Extracted material:
────────────────────────────────────────

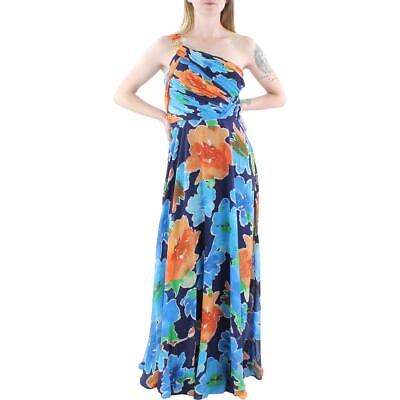 #ad Lauren Ralph Lauren Womens Zurinda Chiffon Evening Dress Gown BHFO 4432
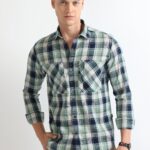 Men Forest Toned Check Shirt | Emerald Green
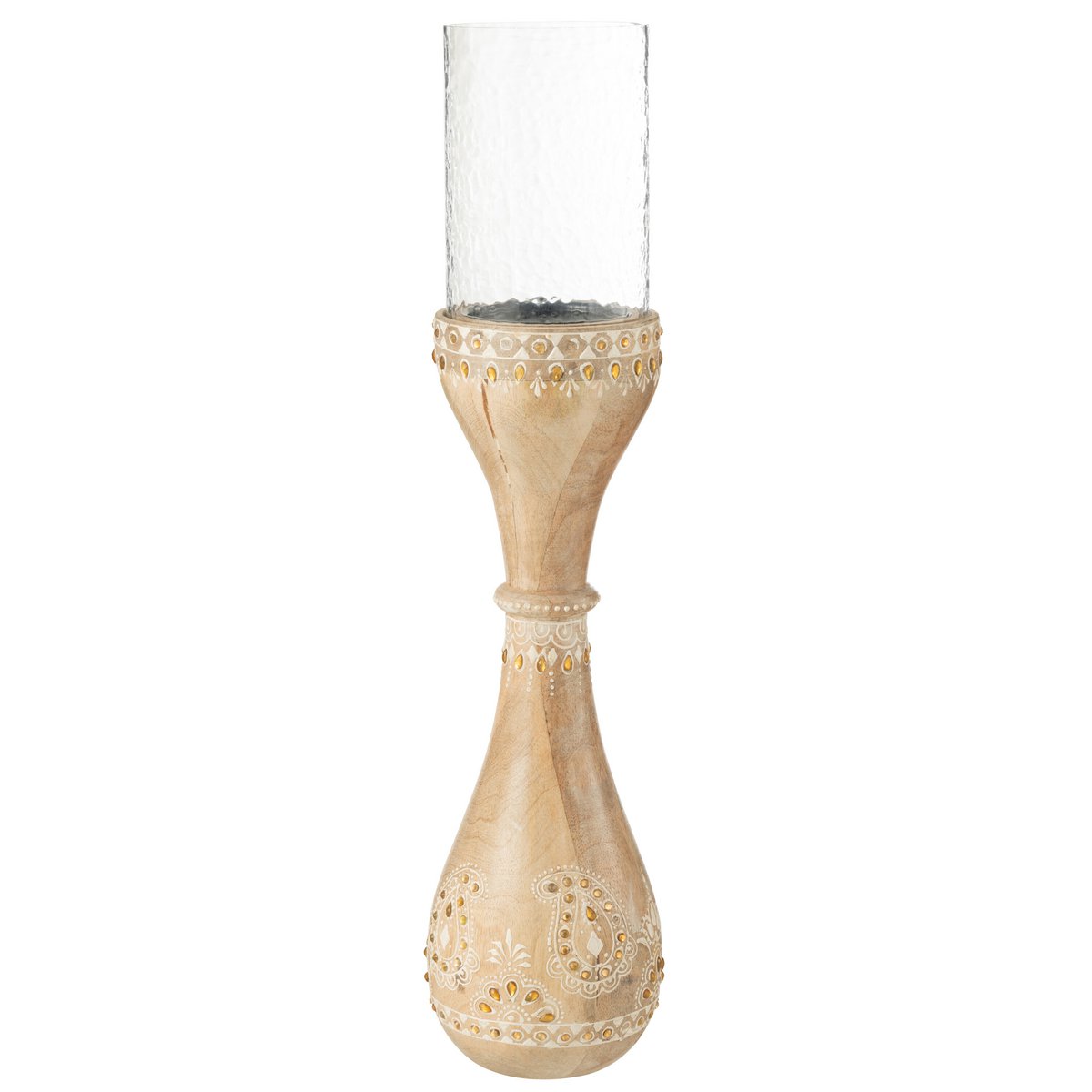 Perles de chandelles J-Line en bois naturel, mise en scène élégante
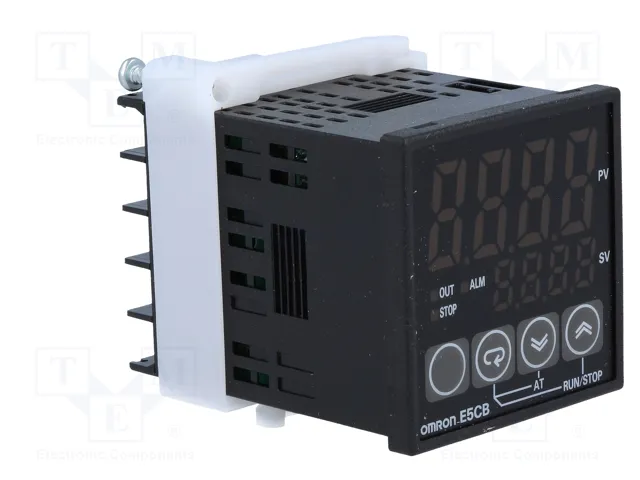 OMRON E5CB-Q1P Regulador de Temperatura Pt100 SSR OMRON E5CB-Q1P Regulador de Temperatura Pt100 SSR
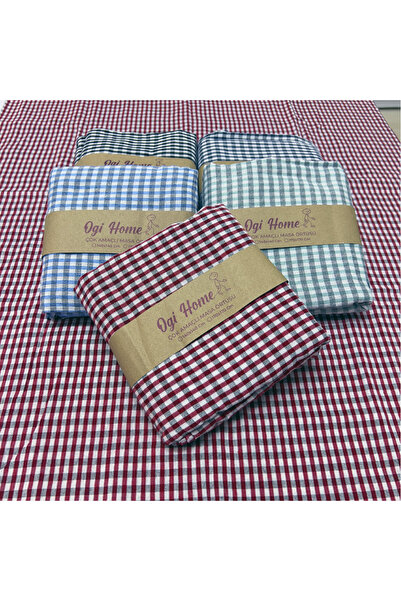 Kitchen Market Kareli Desenli Masa Örtüsü Sofra Bezi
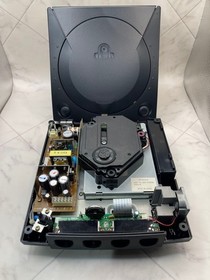 SEGA Dreamcast DC Console Battery mod Black Smoke Shell Replaced [Maintained]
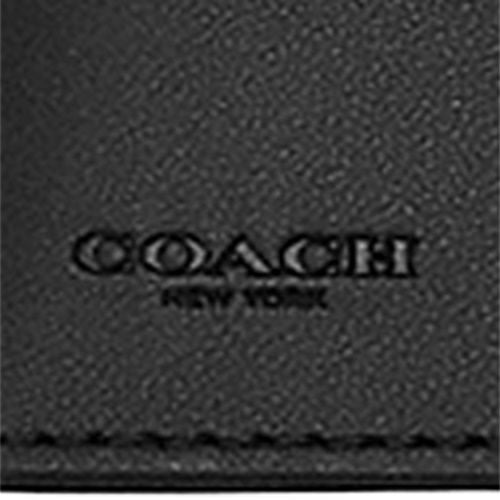 コーチ アウトレット 長財布 メンズ シグネチャー ブラック COACH OUTLET CW371 QBMI5 チャコール ブラック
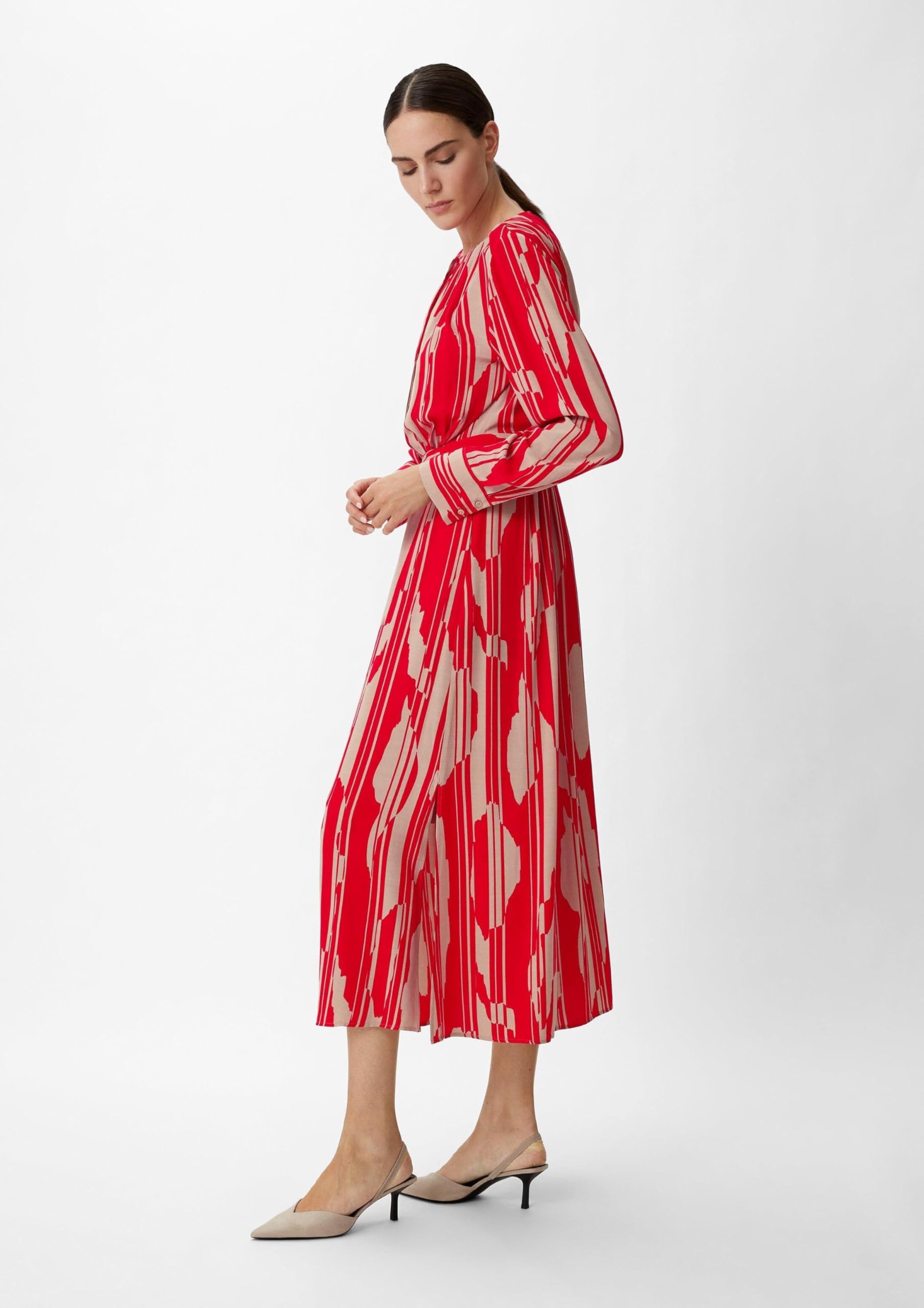 comma-maxikleid-viskose-cr-pe-allover-print-g-rtel image 6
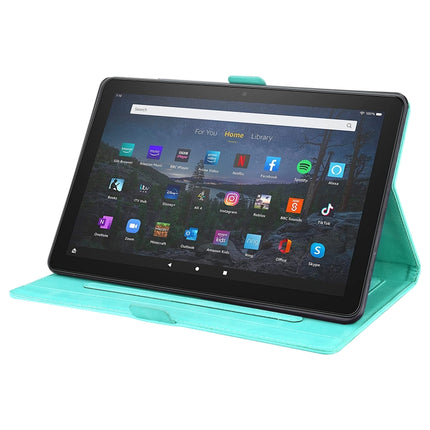 Love Butterfly Pattern Horizontal Flip Leather Case with Holder & Sleep / Wake-up Function, For Amazon Fire HD 8 (2015/2016/2017/2018), For Amazon Fire HD 8 (2020), For Amazon Fire HD 10 Plus (2021) / HD 10 (2021)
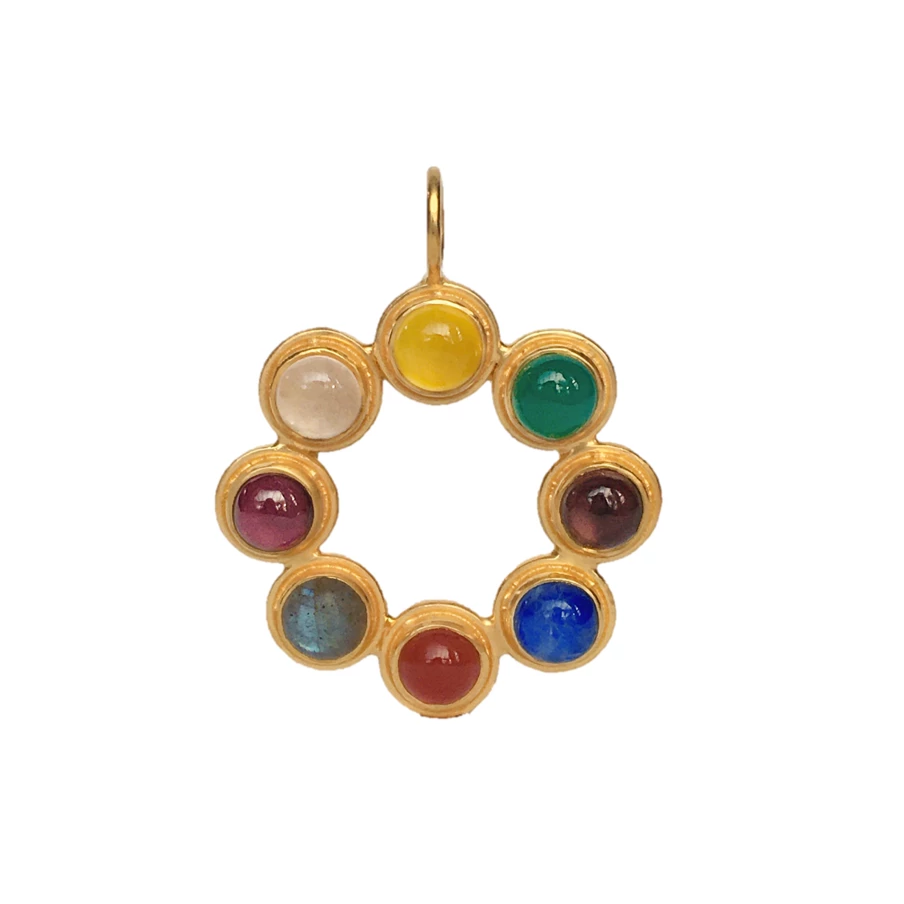 JAIPUR WHEEL PENDANT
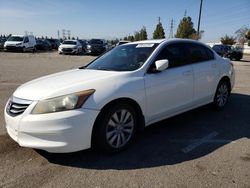 Salvage cars for sale from Copart Rancho Cucamonga, CA: 2011 Honda Accord EXL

────────────────────────────────────────

Repeat all of the listing above word for word, and exclude the pictures.

 #ad Lauren Ralph Lauren Womens Zurinda Chiffon Evening Dress Gown BHFO 4432
 Men Forest Toned Check Shirt | Emerald Green
 Perles de chandelles J-Line en bois naturel, mise en scène élégante
 OMRON E5CB-Q1P Regulador de Temperatura Pt100 SSR OMRON E5CB-Q1P Regulador de Temperatura Pt100 SSR
 Kitchen Market Kareli Desenli Masa Örtüsü Sofra Bezi
 SEGA Dreamcast DC Console Battery mod Black Smoke Shell Replaced [Maintained]
 コーチ アウトレット 長財布 メンズ シグネチャー ブラック COACH OUTLET CW371 QBMI5 チャコール ブラック
 comma-maxikleid-viskose-cr-pe-allover-print-g-rtel image 6
 Love Butterfly Pattern Horizontal Flip Leather Case with Holder & Sleep / Wake-up Function, For Amazon Fire HD 8 (2015/2016/2017/2018), For Amazon Fire HD 8 (2020), For Amazon Fire HD 10 Plus (2021) / HD 10 (2021)
 JAIPUR WHEEL PENDANT
 Salvage cars for sale from Copart Rancho Cucamonga, CA: 2011 Honda Accord EXL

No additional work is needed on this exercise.